> [Problem requirements]: Reproduce verbatim, line by line, everything from the line containing "Rpg, Medieval Fantasy" to the last line of the listing below; add nothing.

> [Exercise inputs]:
*****

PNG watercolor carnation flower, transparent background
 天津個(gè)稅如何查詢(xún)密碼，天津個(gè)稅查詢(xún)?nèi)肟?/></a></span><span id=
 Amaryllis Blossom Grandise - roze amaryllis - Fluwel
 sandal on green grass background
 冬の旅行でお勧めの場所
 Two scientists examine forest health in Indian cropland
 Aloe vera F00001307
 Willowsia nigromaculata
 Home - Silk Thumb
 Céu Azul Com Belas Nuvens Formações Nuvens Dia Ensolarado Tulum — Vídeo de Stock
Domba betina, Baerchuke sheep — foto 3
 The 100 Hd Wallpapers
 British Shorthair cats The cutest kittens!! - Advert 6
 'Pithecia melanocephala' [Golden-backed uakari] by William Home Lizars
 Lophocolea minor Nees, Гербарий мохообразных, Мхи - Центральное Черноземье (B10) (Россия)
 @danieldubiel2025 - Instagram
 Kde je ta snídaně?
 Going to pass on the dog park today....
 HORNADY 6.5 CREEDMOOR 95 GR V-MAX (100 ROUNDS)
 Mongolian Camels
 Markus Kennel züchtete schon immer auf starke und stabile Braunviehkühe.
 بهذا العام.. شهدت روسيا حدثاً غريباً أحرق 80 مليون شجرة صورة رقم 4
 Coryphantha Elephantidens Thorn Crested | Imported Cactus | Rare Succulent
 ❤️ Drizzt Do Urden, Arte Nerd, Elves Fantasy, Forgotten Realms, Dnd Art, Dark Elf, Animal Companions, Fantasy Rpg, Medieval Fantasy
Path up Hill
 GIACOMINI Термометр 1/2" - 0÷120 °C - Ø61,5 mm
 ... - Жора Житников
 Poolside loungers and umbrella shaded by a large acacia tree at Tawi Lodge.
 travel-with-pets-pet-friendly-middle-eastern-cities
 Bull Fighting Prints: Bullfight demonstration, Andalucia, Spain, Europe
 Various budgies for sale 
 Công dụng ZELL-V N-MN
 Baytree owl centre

*****

> [Output of the exercise]:
 ❤️ Drizzt Do Urden, Arte Nerd, Elves Fantasy, Forgotten Realms, Dnd Art, Dark Elf, Animal Companions, Fantasy Rpg, Medieval Fantasy
Path up Hill
 GIACOMINI Термометр 1/2" - 0÷120 °C - Ø61,5 mm
 ... - Жора Житников
 Poolside loungers and umbrella shaded by a large acacia tree at Tawi Lodge.
 travel-with-pets-pet-friendly-middle-eastern-cities
 Bull Fighting Prints: Bullfight demonstration, Andalucia, Spain, Europe
 Various budgies for sale 
 Công dụng ZELL-V N-MN
 Baytree owl centre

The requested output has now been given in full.